La Topolino in Marocco, la 600 in Polonia - QdS

La Topolino in Marocco, la 600 in Polonia

Carlo Alberto Tregua

La Topolino in Marocco, la 600 in Polonia

sabato 08 Luglio 2023

Fiat decentra all’estero

Da quando il gruppo Fiat è entrato in quello Stellantis, a maggioranza francese, e da quando ha spostato la sede sociale e fiscale ad Amsterdam, il marchio del fu Avvocato ha di fatto perso la sua italianità.
Lo dimostra anche il fatto che nel nostro Paese vengono ormai prodotti cinquecentomila veicoli, mentre in Francia oltre un milione.
Tutto ciò nonostante le promesse del giovane e brillante John Elkann di potenziare la produzione di auto nel nostro Paese.
Ricordiamo che la Fiat è stata sempre un pilastro dell’economia nazionale, tanto che una volta si comunicava: “Lo dice la Fiat”, come a significare che il potere del gruppo Agnelli era possibilmente più forte di quello dello Stato.
Torino fu una calamita per centinaia di migliaia di meridionali, i quali vi si trasferirono per trovare lavoro. La leggenda dice che l’avvocato Agnelli fu fautore della famosa legge 392/78 detta dell’Equo canone, con la quale calmierava gli affitti.

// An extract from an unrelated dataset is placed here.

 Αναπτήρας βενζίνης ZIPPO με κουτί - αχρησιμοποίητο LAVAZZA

Qualche giorno fa, con la rituale pompa magna, l’ingegnere Elkann, insieme al CEO di Stellantis, Carlos Tavares, ha annunciato urbi et orbi il lancio di una microvettura elettrica denominata Topolino, e di una normale vettura elettrica denominata 600.

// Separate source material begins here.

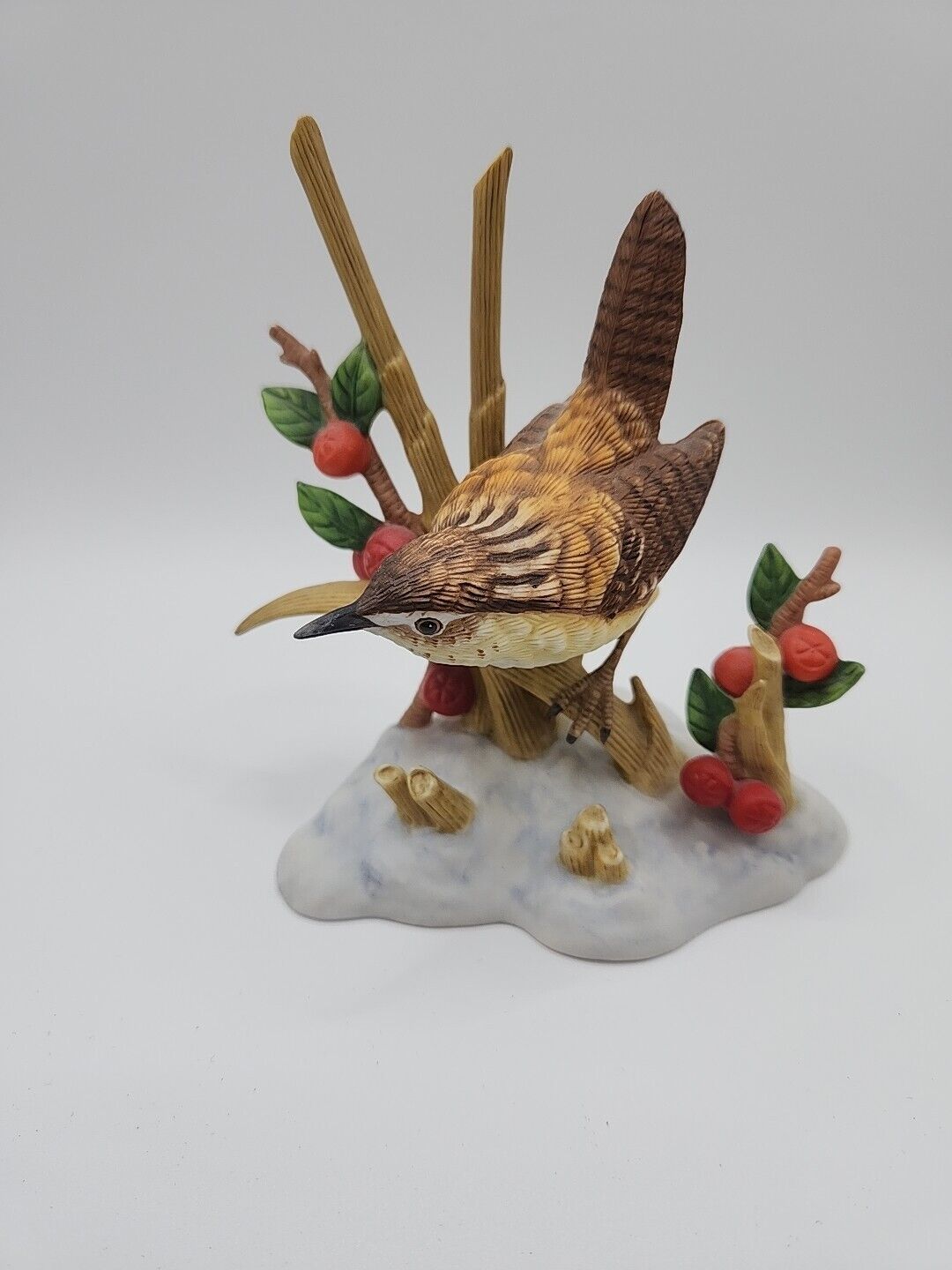 Vintage Lenox Marsh Wren Porcelain Bird Figurine Garden Bird Collection 1990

Dal punto di vista del marketing, la scelta di rievocare due nomi gloriosi è stata estremamente efficace; dal punto di vista della nostra economia, il lancio è del tutto ininfluente e vi spieghiamo perché.
La Topolino verrà prodotta in Marocco, mentre la 600 verrà prodotta in Polonia. Siccome il maggiore valore aggiunto di un’auto è nella produzione e non nella distribuzione, i due veicoli godranno del margine della vendita e non della produzione. Saranno a tutti gli effetti veicoli stranieri, come quelli giapponesi, cinesi, tedeschi, francesi e via enumerando.
Dunque, l’impegno comunicativo di Elkann è stato disatteso perché, ancora una volta, in quel Gruppo prevalgono gli interessi interni su quelli pubblici.
Del resto, la cosa è perfettamente comprensibile, solo che dovrebbe essere diminuita l’enfasi nell’annunciare “l’italianità” residua del gruppo ex Fiat.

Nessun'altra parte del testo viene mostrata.